Enfim, Marcelo Santos e o TCES: tão perto no tempo e no espaço… mas agora tão longe para ele.
O que diz o próprio
O próprio Marcelo Santos refuta qualquer intenção de pleitear a vaga de Sérgio Borges (ou qualquer outra a ser aberta no TCES). Em entrevista ao telejornal EStúdio 360 Segunda Edição na última quinta-feira (2), foi taxativo:
“Não está nos meus planos Tribunal de Contas. Eu abri mão para o governador Renato Casagrande quando eu tinha um número maior de assinaturas, véspera da eleição para ocupar esse cargo no Tribunal de Contas [o de Valci Ferreira, em fevereiro de 2019], demonstrando para ele um gesto, porque era muito importante para ele indicar a vaga que era da Assembleia. E além disso convenci os meus colegas a apoiarem para a vaga o conselheiro que ele indicou, [Luiz Carlos] Ciciliotti, um grande amigo e um grande técnico que está lá naquela Corte. Não tenho mais essa intenção. Já anunciei isso à imprensa, aos meus colegas, aos meus parceiros.”
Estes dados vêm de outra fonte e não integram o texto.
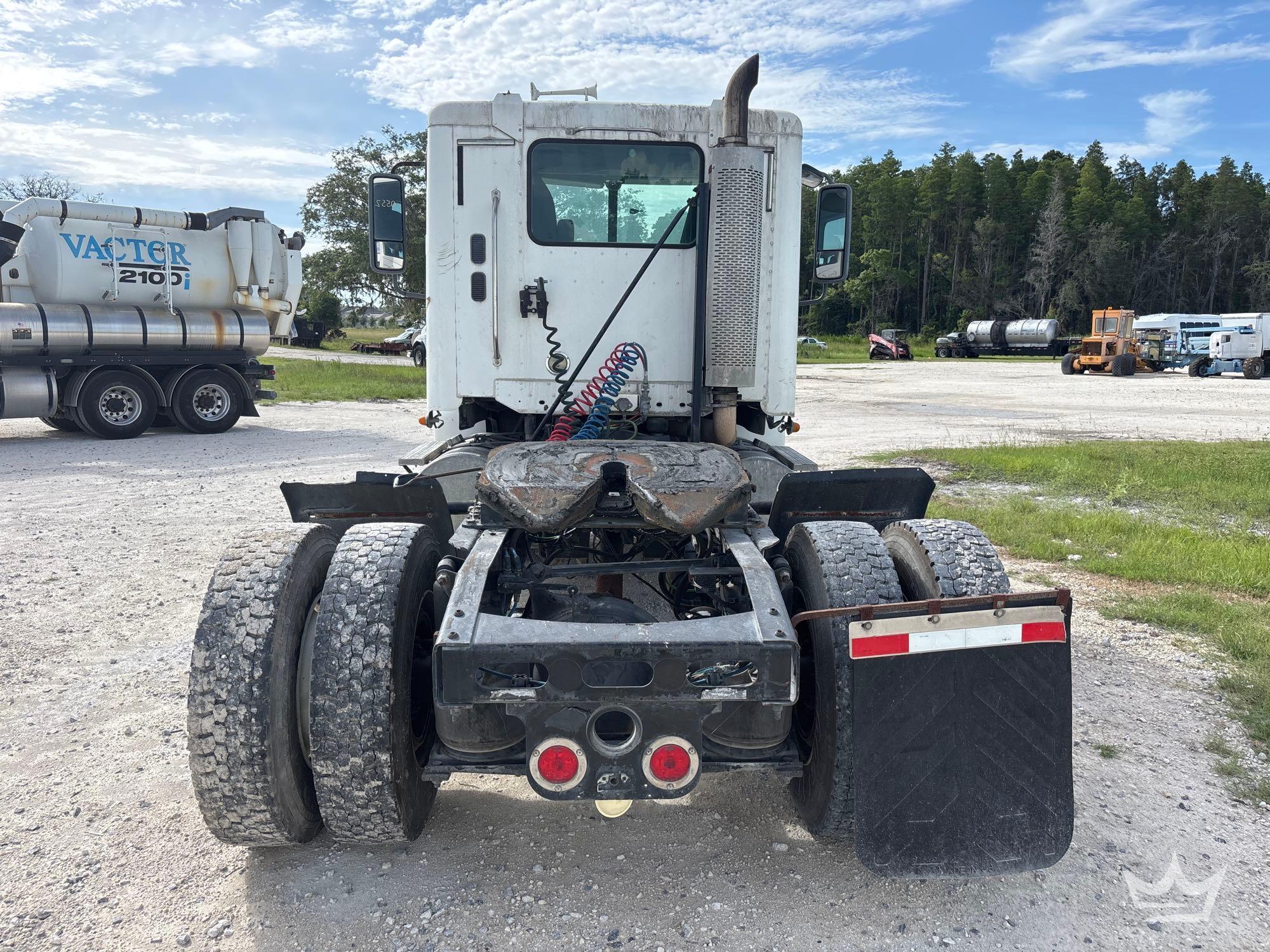 2007 Freightliner Columbia 120
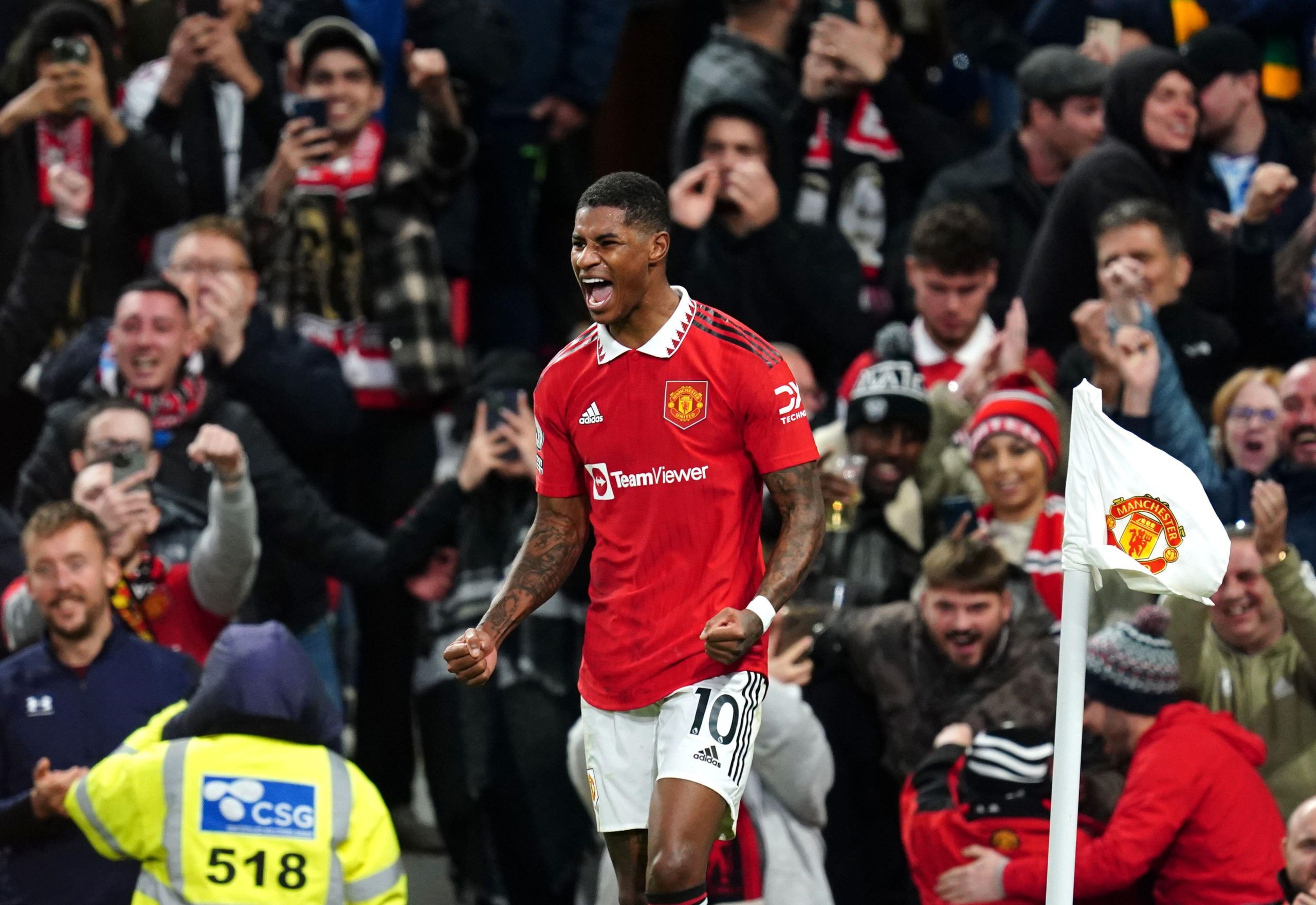 Η Γιουνάιτεντ… ξυπνάει – Τεράστια νίκη και επιτέλους 5αδα! (vid)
Marcelo reafirmou o que declarou em primeira mão à coluna em novembro passado:
“Fizemos um planejamento estratégico. Meu caminho, depois de concluir os quatro anos deste mandato iniciado ontem, é Brasília. É ser candidato a deputado federal [em 2026].”
Na véspera, em coletiva de imprensa logo após sua eleição na Assembleia, o novo presidente já afirmara que o TCES está fora dos seus planos. “Nem a vaga de Sérgio Borges nem a de outro conselheiro no futuro?”, perguntei-lhe. Ele deu uma risada e uma resposta engraçada:
“Nem a de Sérgio, nem a de Antônio, nem a de José…”
E saiu caminhando, aos risos, dando por encerrada a entrevista.